* [Work to complete] Without the pictures, output all of the data exactly.

* [Given data]
Start of Block

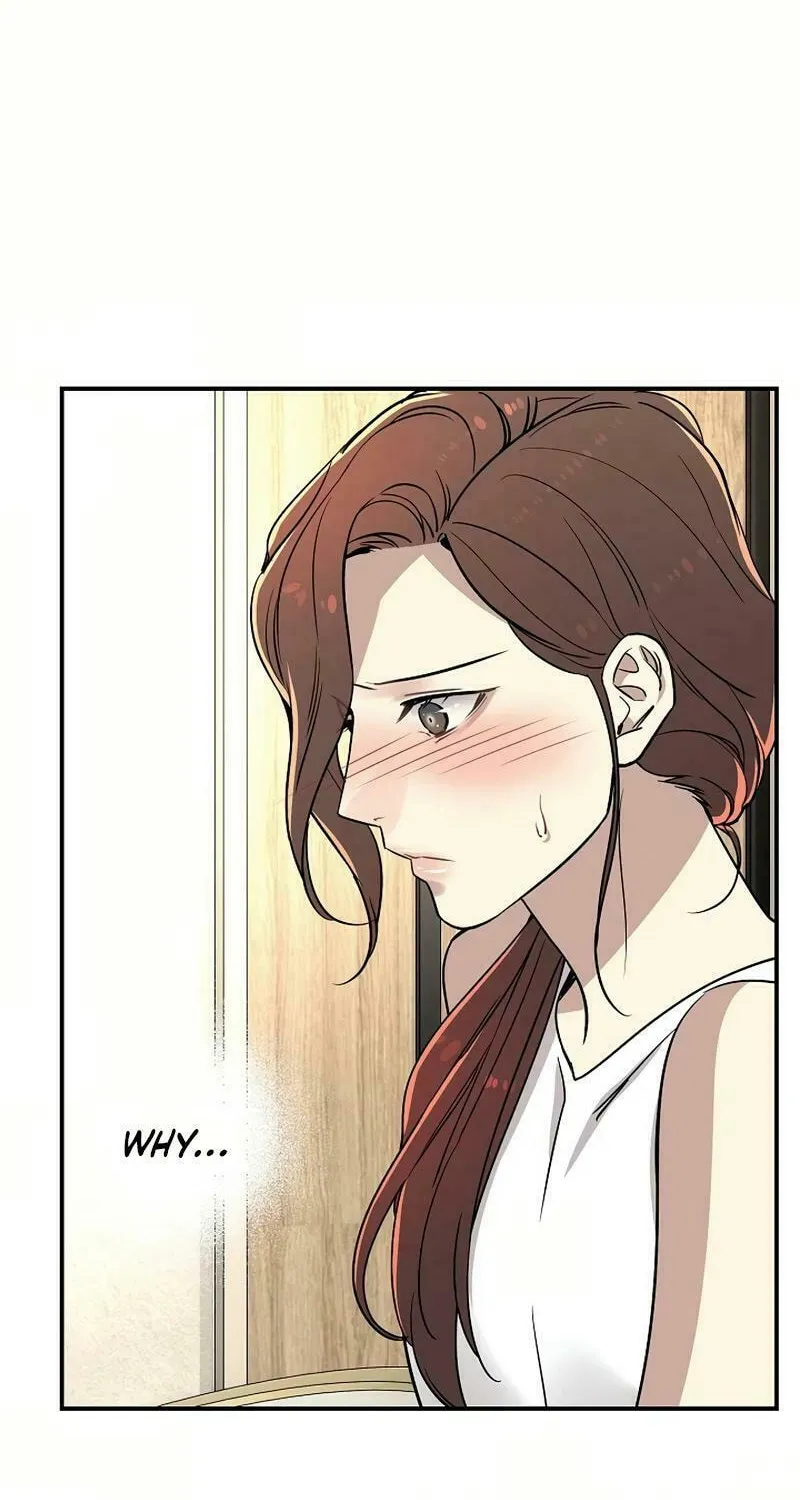 My Love, My Misery Chapter 13 page 31 - 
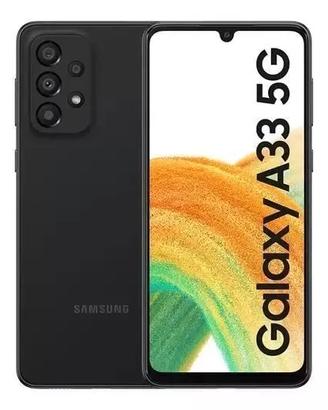 Samsung Galaxy A33 5G SM-A336B/DSN 128GB 6gb RAM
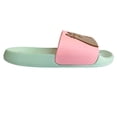 thumbnail image 2 of Sandalia Pusheen the Cat Talla 22 Aqua On Break, 2 of 4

End of Block

* [Response to the task]
 My Love, My Misery Chapter 13 page 31 - 
 Samsung Galaxy A33 5G SM-A336B/DSN 128GB 6gb RAM
 thumbnail image 2 of Sandalia Pusheen the Cat Talla 22 Aqua On Break, 2 of 4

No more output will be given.